There's lots to consider. Tell us about your room. It may be contributing to the harshness of the sound. Also, did you calibrate your Denon? I'm assuming you did. 

I recently upgraded from a receiver with no EQ to a new receiver with Audyssey MultiEQ. While I really like my speakers, I felt they could get a little edgy, especially when driven hard. Once I ran the EQ setup with the new receiver, that edginess disappeared. The difference is most noticeable with 2 channel music.
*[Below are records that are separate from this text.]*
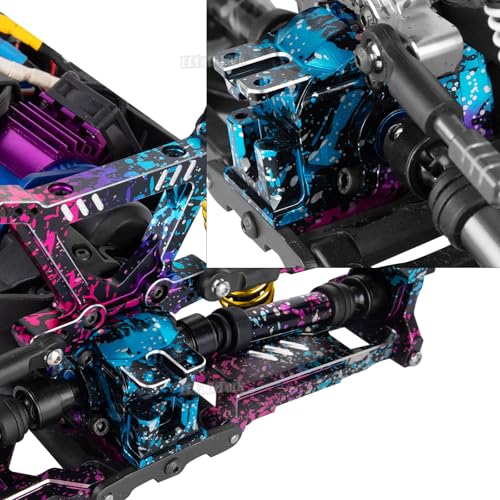 Aluminium Transmission Gearbox Upgrades Part for 1/10 Slash/Rustler/Stampede/Jato VXL 4X4 4WD,XO-1,RC Front Rear Gearbox & 37T Differential Gear,#6880#6881,Colorful(Blue Pink Tone) - color: Colorful(blue Pink Tone)- (Upgrades)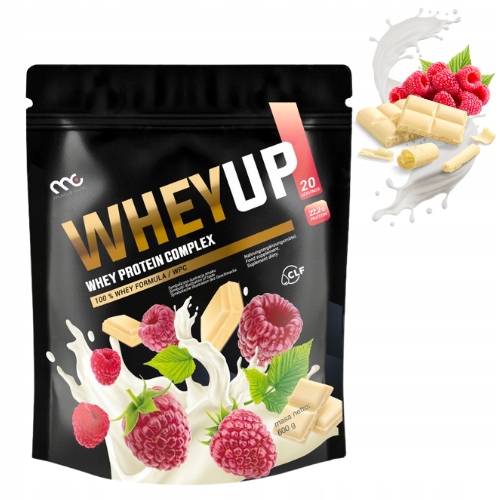MUSCLE CLINIC WHEY UP 600g ODŻYWKA BIAŁKOWA - MALINA BIAŁA CZEKOLADA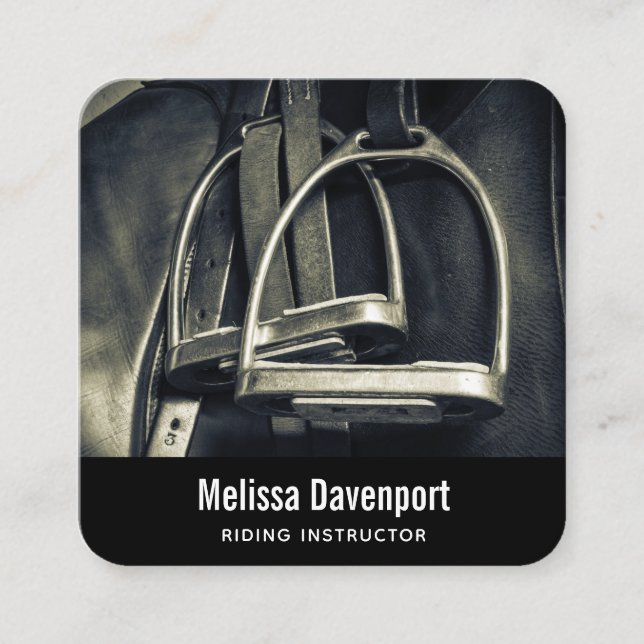 Cartão De Visita Quadrado Na moda Silver Stirrups em Inglês Riding Saddle (Frente)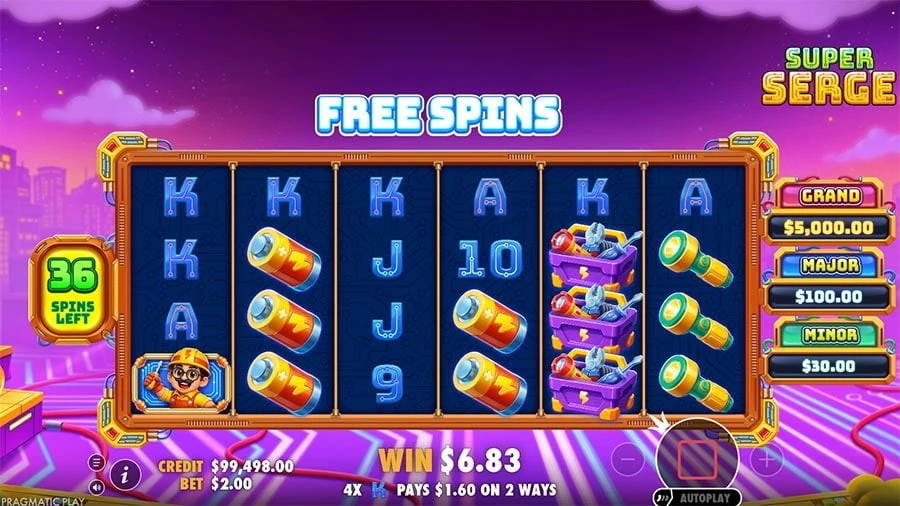 Super Serge feature screen 2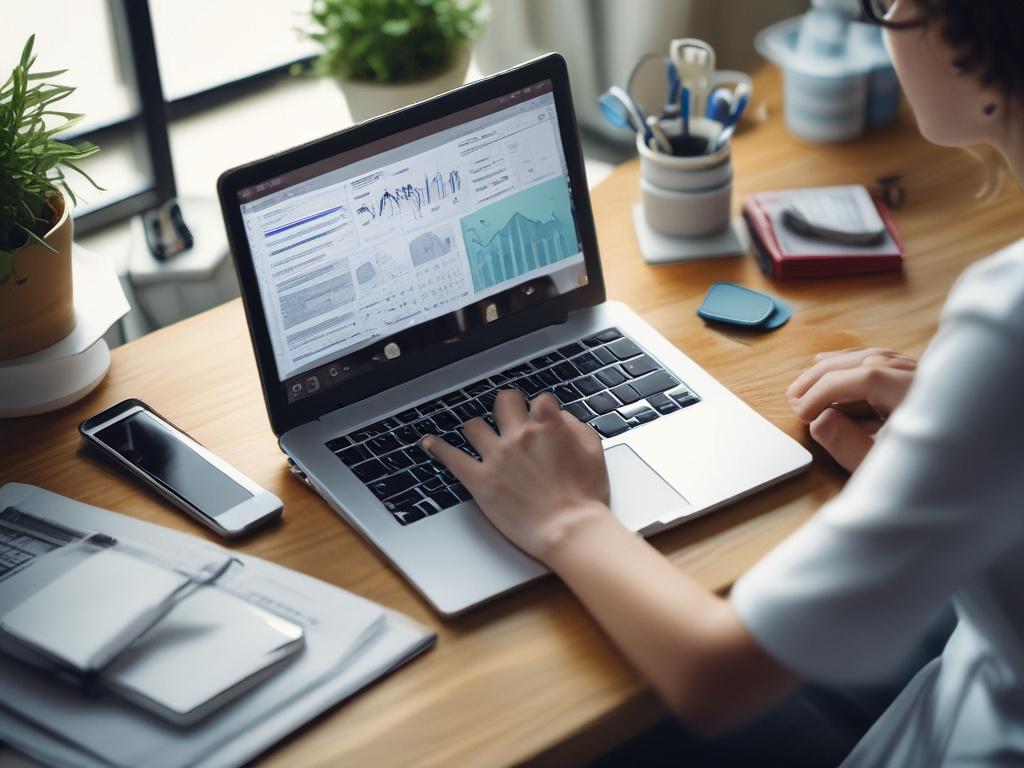 close-up shot of a healthcare professional studying on a laptop, surrounded by health-related materials, bright and organized workspace, hyper-realistic, 45mm f/1.2 lens style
Do yo have your Klipsch toed in? I've read a number of posts that suggest doing so to address the harshness you are experiencing. I guess you're aware that horn loaded tweeters in general and certain Klipsch horns in particular are accused of being harsh. I think it's a matter of taste. Personally, I don't like the sound of speakers that use horn tweeters, I find them fatiguing. If you can, audition some different speakers, music only. If possible, listen to some PSB's. I'd start with the speakers as the culprit before the receiver.


----------



## Dale Rasco (Apr 11, 2009)

Hello John, welcome to HTS! :wave:


----------



## Zeitgeist (Apr 4, 2009)

Hey John, 
Welcome to the Home Theater Shack!


----------



## TypeA (Aug 14, 2010)

Welcome John, have you experimented with different processing effects (surround, 2 channel stereo, dsx, dolby ect) from your denon? Some processing on my receiver sounds great for video but lousy for music.


----------



## Ray3 (Feb 4, 2008)

Hi John and welcome!

I suspect the sound is being affected by the room or the speakers rather than the Denon receiver. One of the things you might consider is taking the internet out for a spin and see what kind of user reviews are out there relative to experiences with the speakers and if there is any input to the "harsh" aspect.


----------



## musiclover187 (Feb 8, 2011)

Hi Doug,
The room is 25x25. Half of it has a pool table and the other half has the sound system directly facing the seating area. I did calibrate the system using Audyssey. But it was several years ago. I was going to recalibrate the system this weekend to see if it makes a difference. I'll also toe-in the front speakers.
Unfortunately when I purchased the speakers I wasn't aware of the horn issue.
I'm going to check out some different speakers as well. Do you think the center channel specker would need to be changed as well? What brands should I check out? My budget is around $2500.

Thanks,
John


----------



## musiclover187 (Feb 8, 2011)

Thanks Dale!


----------



## musiclover187 (Feb 8, 2011)

Thanks Jim!


----------



## nholmes1 (Oct 7, 2010)

Yes! Ideally the front 3 speakers should all be the same, though most people can't do this or don't want to have a vertical speaker above or below the TV. If not the same front 3 speakers, a matching center channel from the same brand and series of speakers should be used.


----------



## musiclover187 (Feb 8, 2011)

Yes, I've tried the different processing effects and they sound pretty bad with music.


----------



## musiclover187 (Feb 8, 2011)

Thanks Ray. I'll do that.


----------



## musiclover187 (Feb 8, 2011)

Thanks for the info.


----------